Kathy Fish, a matchless master of the micro-fiction form, was to be our instructor. As excited as I was at the prospect of the course (of returning to the classroom, albeit a virtual one), I was also scared. I’d never taken an online class. For years, I hadn’t taken any kind of class. And I’d heard Kathy Fish’s workshops were wonderful but definitely intensive and fast-paced. There would be homework every weekday. Not just writing assignments. Related readings, too! Plus, an expectation that I’d try to read and comment on the stories that my classmates finagled.
How would I handle the pressure?
Pretty well, to my amazement.
Indeed, not only was the pressure bearable; it was integral to my experience. A necessary, invigorating thing. But more on that revelation later. First, let me give you some excellent reasons why you should consider signing up for one of Kathy Fish’s Fast Flash Workshops.
Kathy, herself, is a joy. Her feedback is kind, keen, and encouraging; her exercises and related readings, very inspiring. Also, her writing prompts proved so fruitful—in terms of what my peers and I ended up producing, composition-wise—that they might have been spells, suffused with a magic certain to glean good stories out of us.
In addition, through both her instruction and reflections on our work, Kathy fostered a vibrant community of learners. She is the first creative writing instructor I’ve studied under who has insisted that her students, in their responses to one another, provide only positive feedback. What a wise expectation! Stories frequently draw from the wellsprings of pain, old hurts, loss, and rejection; consequently, writing can be a vulnerable practice. I was grateful for Kathy’s sensitive guidance and guidelines. They promoted compassionate camaraderie. They made the act of sharing our work feel safe.

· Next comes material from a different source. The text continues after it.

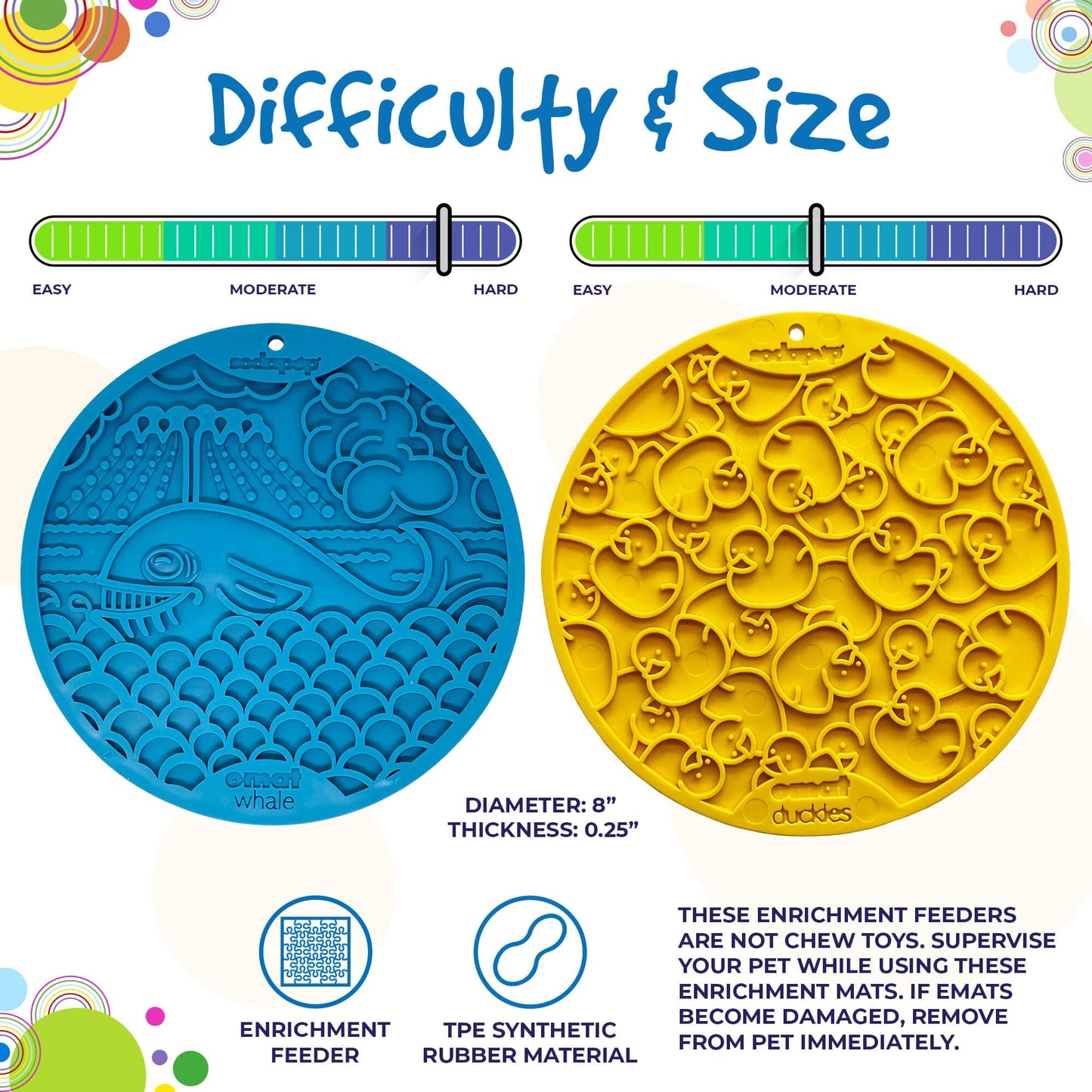 SodaPup eMat Whale Design Enrichment Mat with Suction Cups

Finally, the Fast Flash Workshop granted me that previously mentioned revelation regarding pressure, and in doing so, it taught me something about my potential.

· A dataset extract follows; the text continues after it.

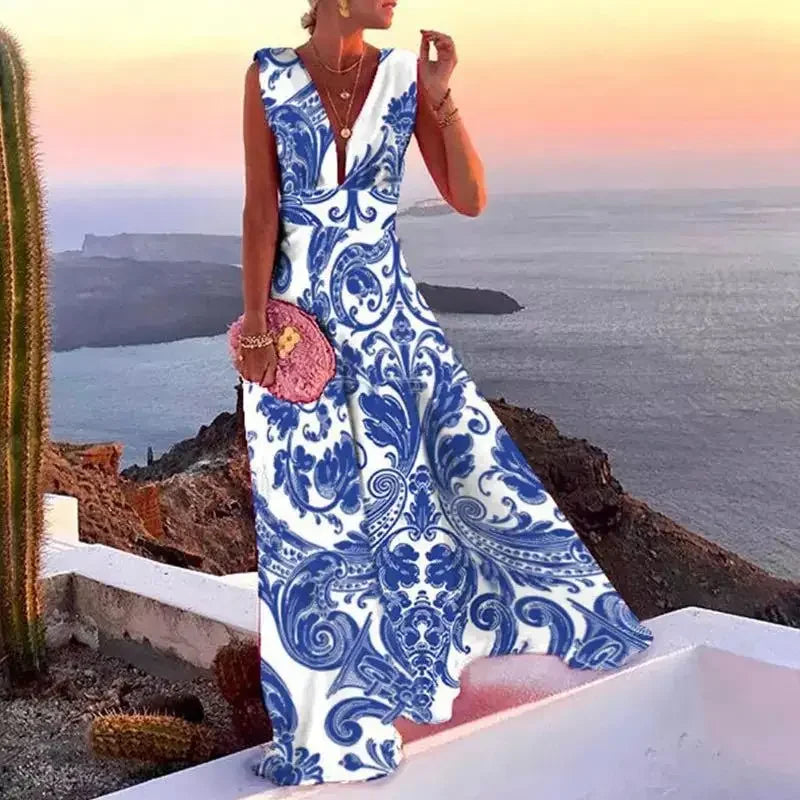 Lynor | Elegant Floral Sleeveless Dress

Every morning during the two-week course, while I sat at my computer with a few measly hours to complete an exercise, an idea would spring into my head—a way to satisfy the assignment. Immediately, just as I would in the past when inspiration struck, I pondered this idea with skepticism. I doubted the idea. I questioned its worth. I worried that it was…well, lame.
However, I didn’t discard the idea and start over, as I might have done previously. I only had two or three hours to complete the assignment for Kathy and my classmates before my workday started. There was no time to come up with a new idea! I had to stick with it.
And here’s the shocker: Again and again, for the duration of the Fast Flash Workshop, I made the idea that I’d just scorned and mistrusted WORK. I made the leap from idea to creation. I did this day after day. And I did it surprisingly successfully. In fact, in Kathy Fish’s class, I may have written a couple of my very best flash fiction pieces ever.
This positive experience makes me wonder how many times in the past I gave up on an idea too soon, how many ideas I tossed out that perhaps I shouldn’t have so quickly discarded, and how many false starts were false only in my hypercritical mind.
The pressure to complete a work of flash fiction on time made me commit to an idea. It made me commit to myself and have faith in my writing abilities.
I suspect we all must be more capable than we think we are.
Perhaps, if we’re in a writing slump, what we really need is PRESSURE. Deadlines. Stress! Maybe we need to find a way to hold ourselves accountable or have a teacher like Kathy Fish (or a writing partner or an enthusiastic but demanding reader) holding us accountable. Maybe we need to realize that there is no perfect idea. There is only a hardworking writer—one determined to take an idea, whatever it may be, and give it words and make it grow.